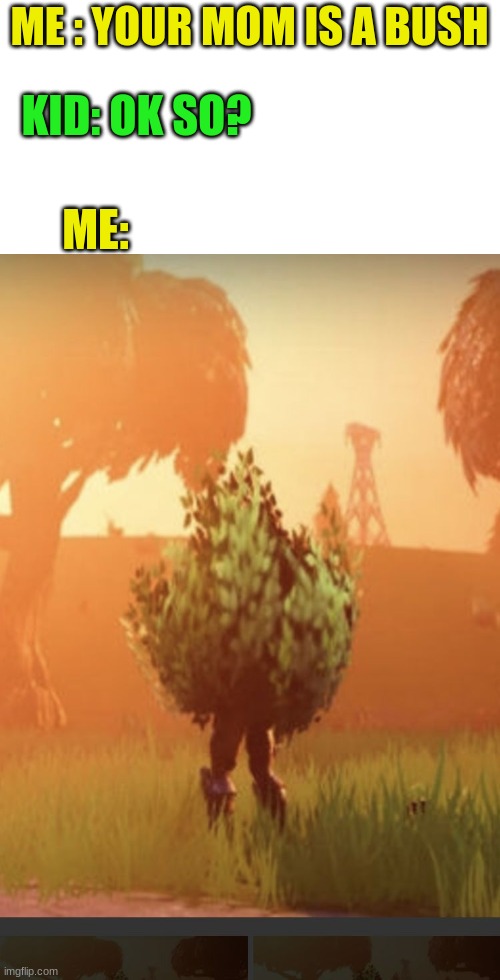 Inside the bush | ME : YOUR MOM IS A BUSH; KID: OK SO? ME: | image tagged in fortnite bush | made w/ Imgflip meme maker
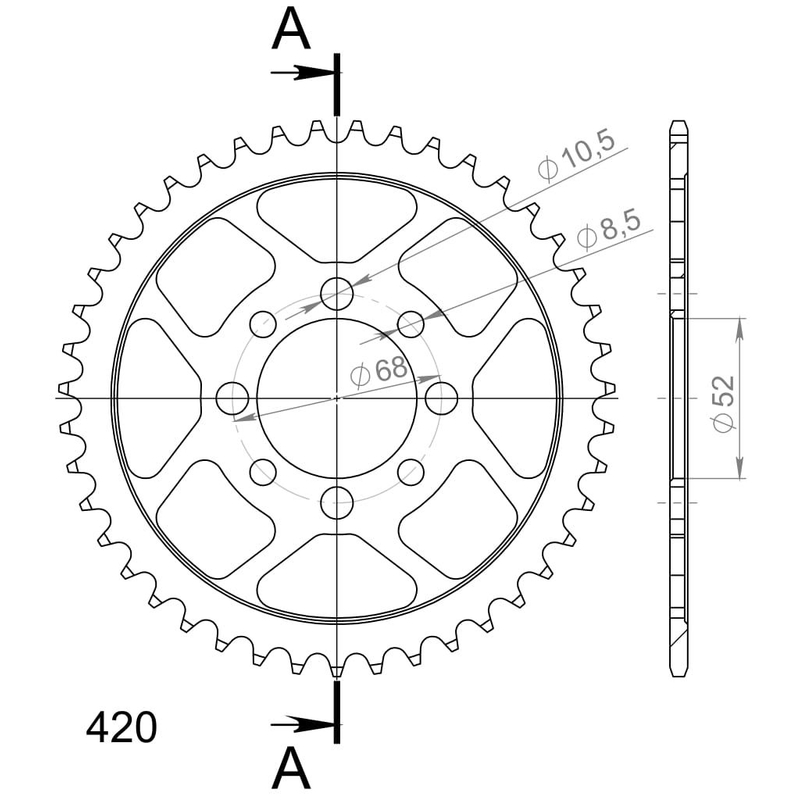 Rear sprocket SUPERSPROX black 43T, 420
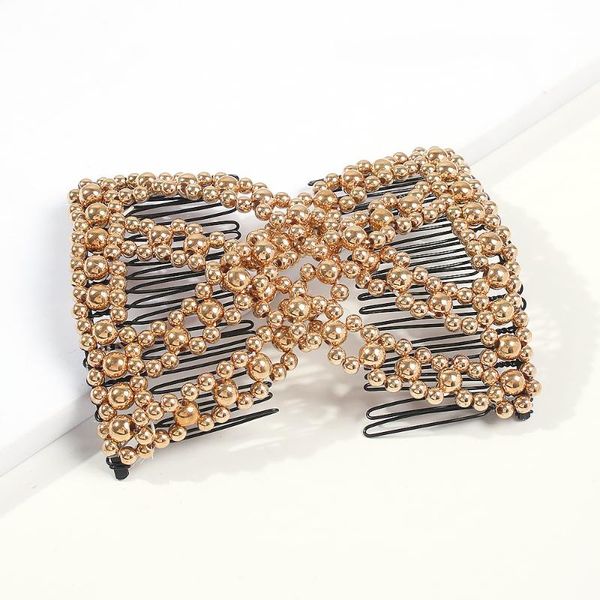 portable mini size for women double insert elastic magic hair comb disk hair artifact fashion pearl beads hairdo accessorie, Golden;white
portable mini size for women double insert elastic magic hair comb disk hair artifact fashion pearl beads hairdo accessorie, Golden;white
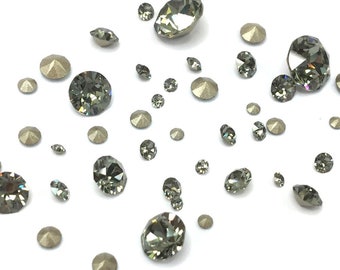 Swarovski Crystal Chaton Stones Black Diamond, 1088, 1028 or 1100 Multiple Sizes Available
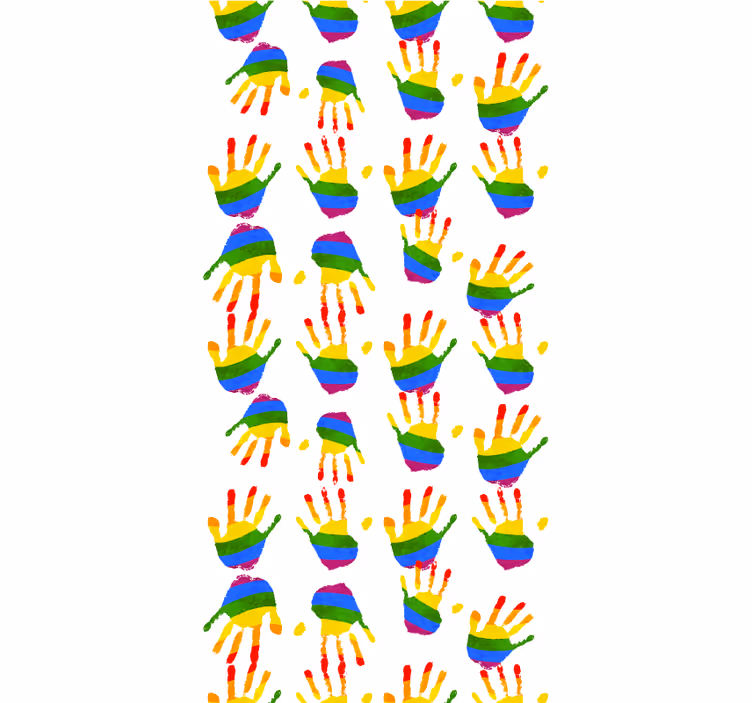 Tenda a rullo originale modello di impronte di mani colorate - TenStickers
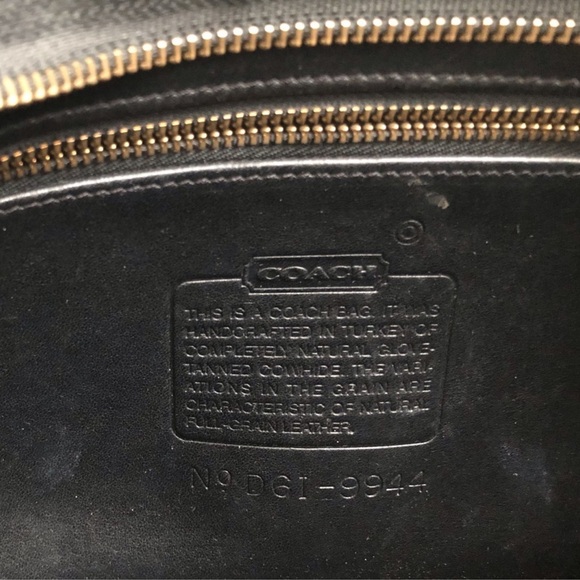 Vintage Coach Black Rectangle Soft Leather Purse Shoulder Bag w/Serial Number - Picture 7 of 16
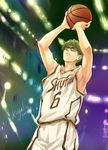  basketball basketball_uniform glasses green_eyes green_hair kagalin kuroko_no_basuke male_focus midorima_shintarou signature solo sportswear 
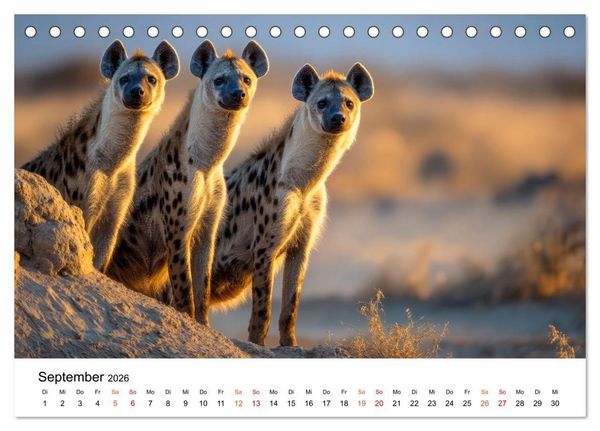 Produktbild: Hy&auml;nen - Afrikas geheimnisvolle J&auml;ger (Tischkalender 2026 DIN A5 quer), CALVENDO Monatskalender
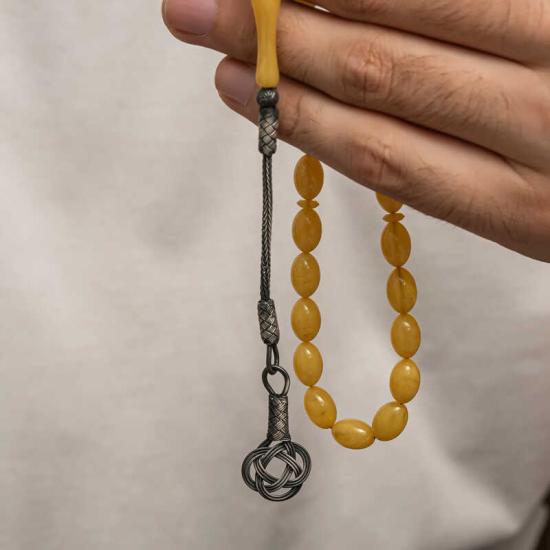 Silver Kazaz Tasseled Tightened Amber Prayer Beads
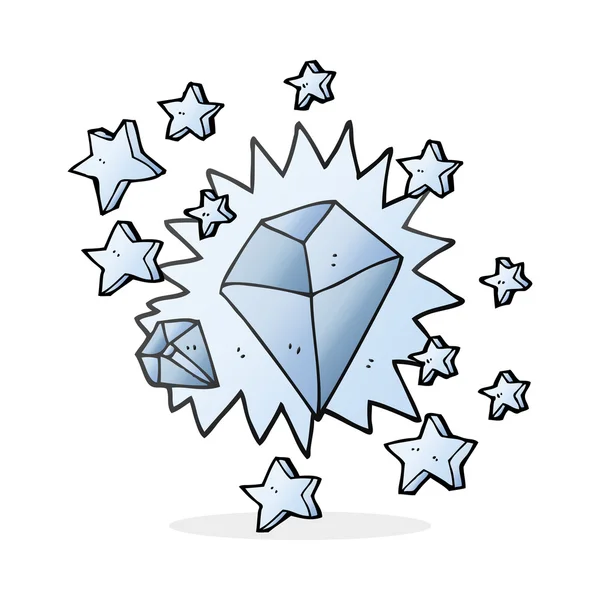 Cartoon sprankelende diamant — Stockvector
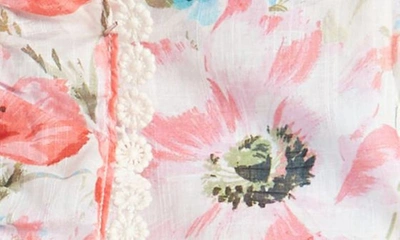 Shop Zimmermann Kids' Halycon Floral Embroidered Trim Cotton Romper In Pink/ Blue Floral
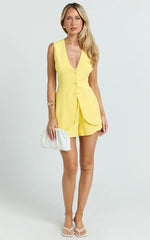 Olivia Top - Longline Linen V Neck Back Tie Vest Top in Lemon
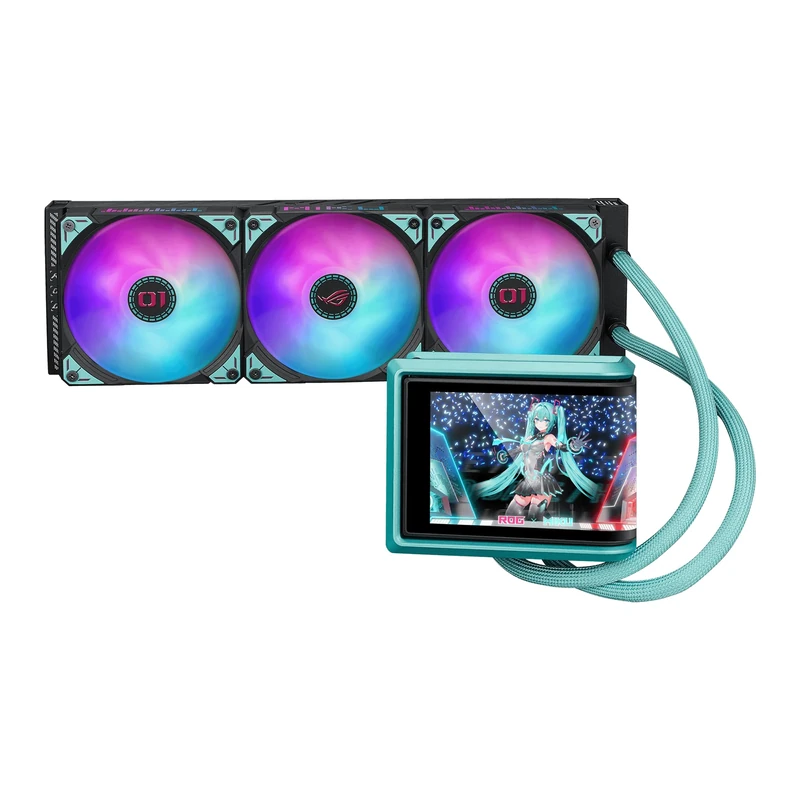 ASUS ROG RYUO IV 360 ARGB HATSUNE MIKU EDITION All-in-One Liquid CPU Cooler (6.67" Curved AMOLED Display, Pre-Assembled ARGB Fans, Powerful Pump, Pre-Applied Thermal Paste
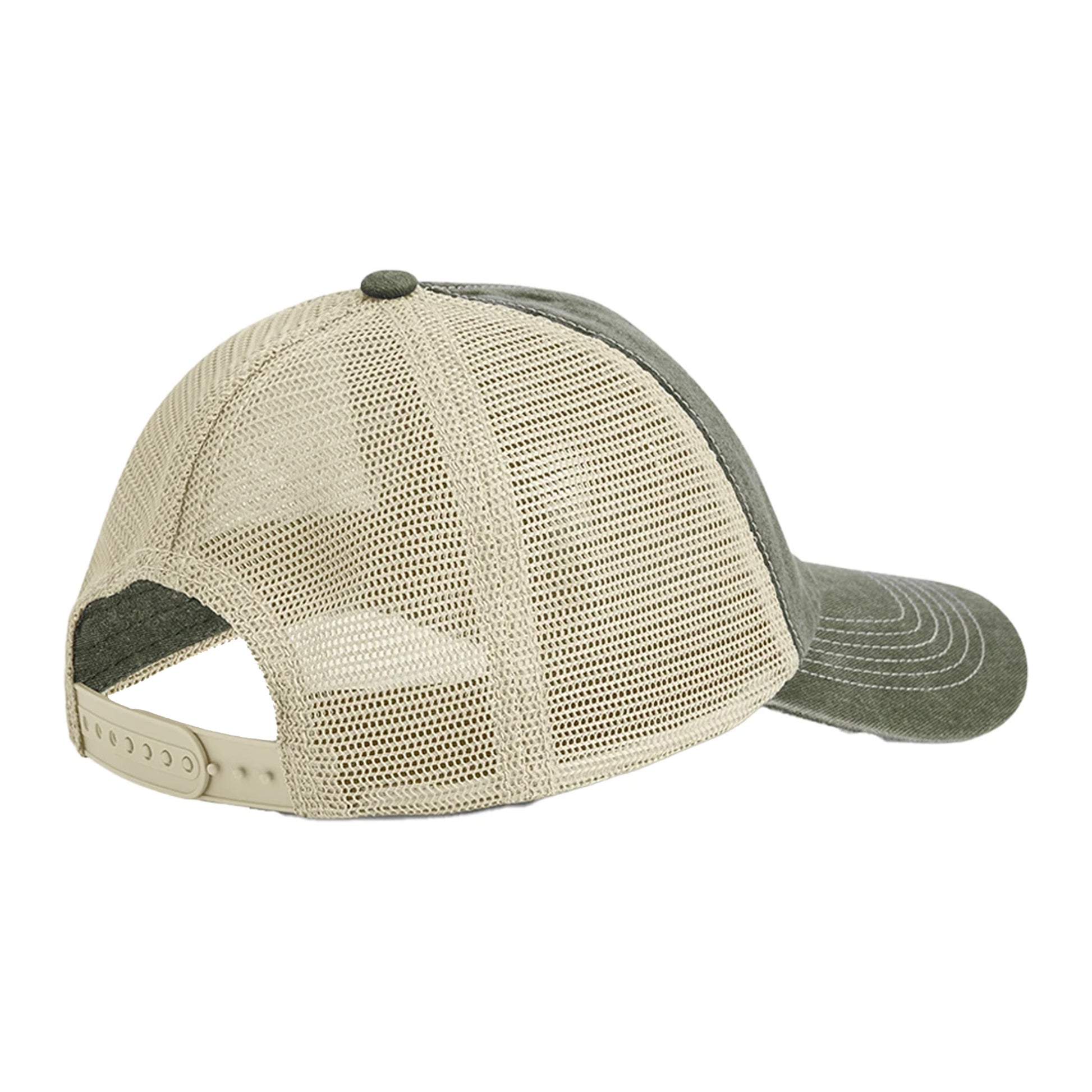 Olive-Stone - Back - Beechfield Vintage 6 Panel Trucker Cap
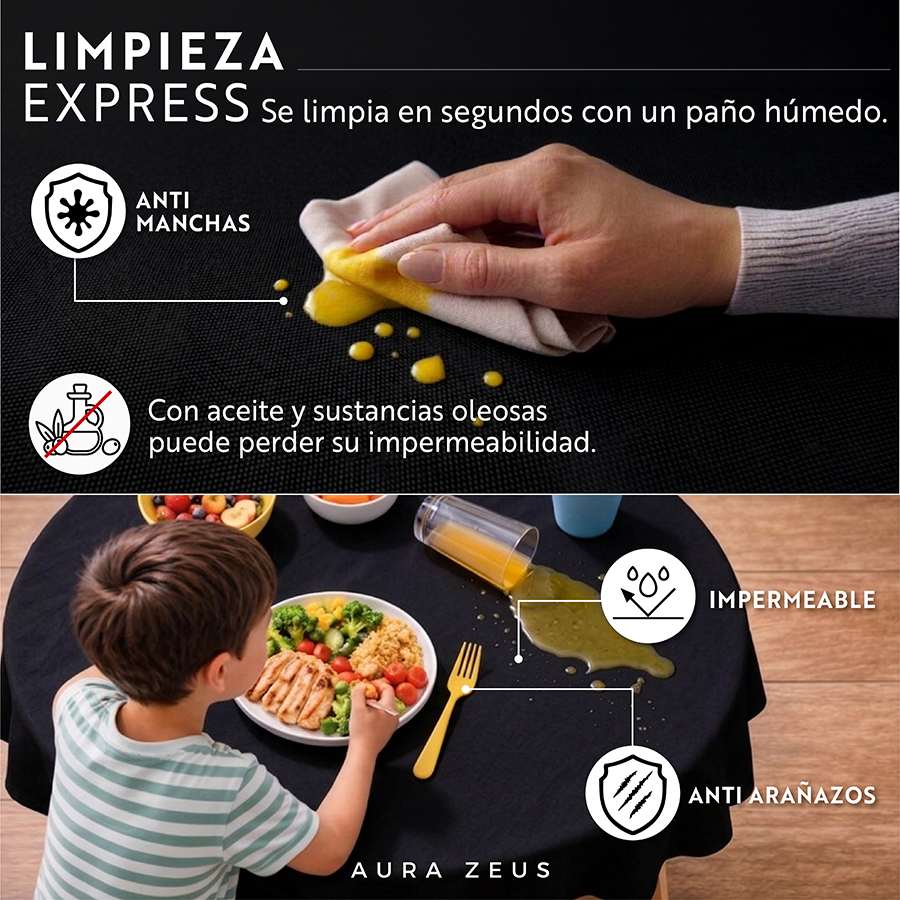 Mantel De Mesa Redondo Tela Hule Antimancha Impermeable Az-4
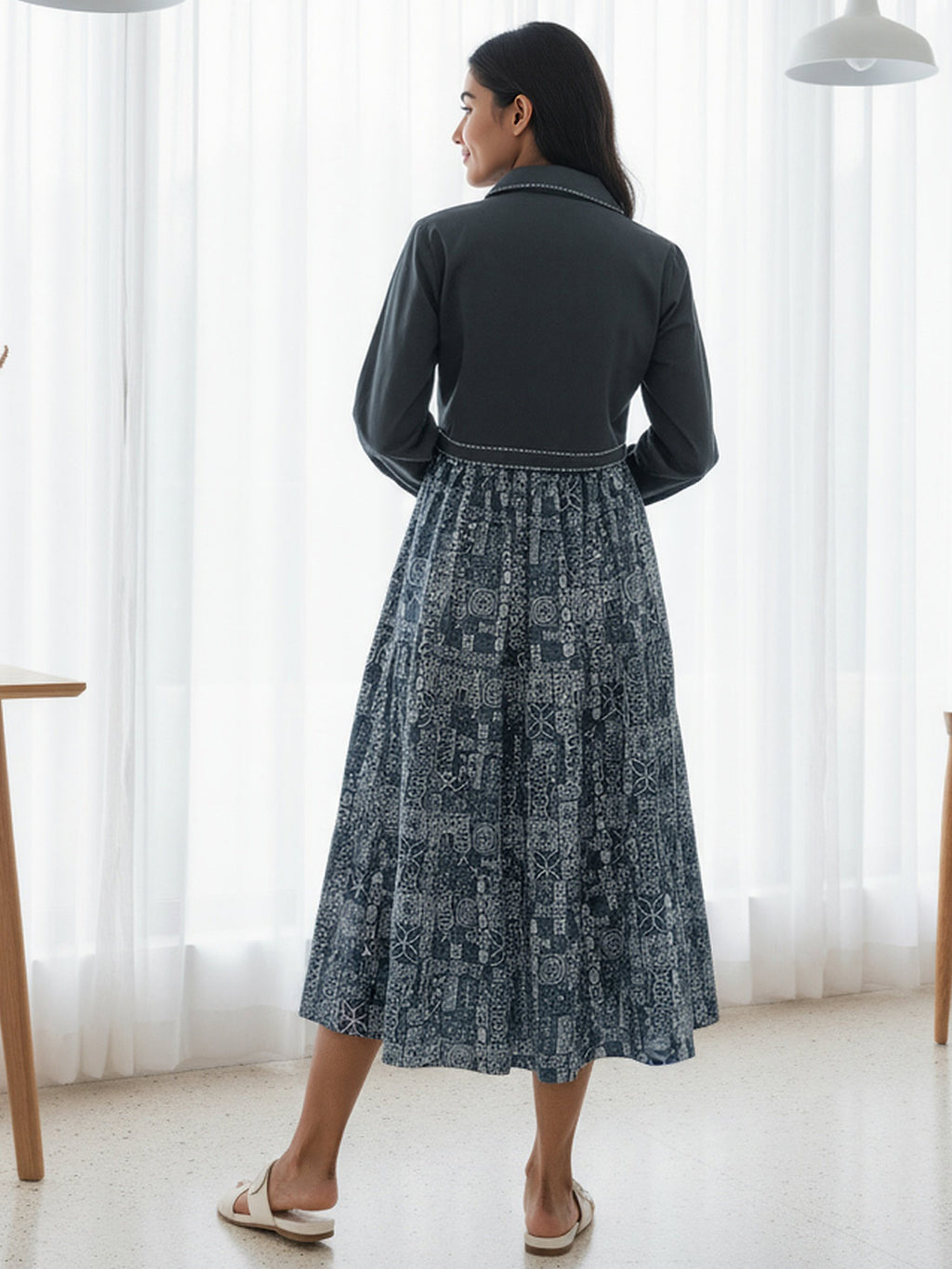 Cotton Printed Fit And Flare Midi Dress with Embroidered Jacket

● ● ●

■ Task details ■
Copy exactly the lines from the line containing "Cartoon sprankelende diamant — Stockvector" through the last line of the records above, both included, and leave out any pictures.

■ Result of the task ■
 Cartoon sprankelende diamant — Stockvector
 Shop Zimmermann Kids' Halycon Floral Embroidered Trim Cotton Romper In Pink/ Blue Floral
 Olivia Top - Longline Linen V Neck Back Tie Vest Top in Lemon
 ASUS ROG RYUO IV 360 ARGB HATSUNE MIKU EDITION All-in-One Liquid CPU Cooler (6.67" Curved AMOLED Display, Pre-Assembled ARGB Fans, Powerful Pump, Pre-Applied Thermal Paste
 Olive-Stone - Back - Beechfield Vintage 6 Panel Trucker Cap
 Mantel De Mesa Redondo Tela Hule Antimancha Impermeable Az-4
 Cotton Printed Fit And Flare Midi Dress with Embroidered Jacket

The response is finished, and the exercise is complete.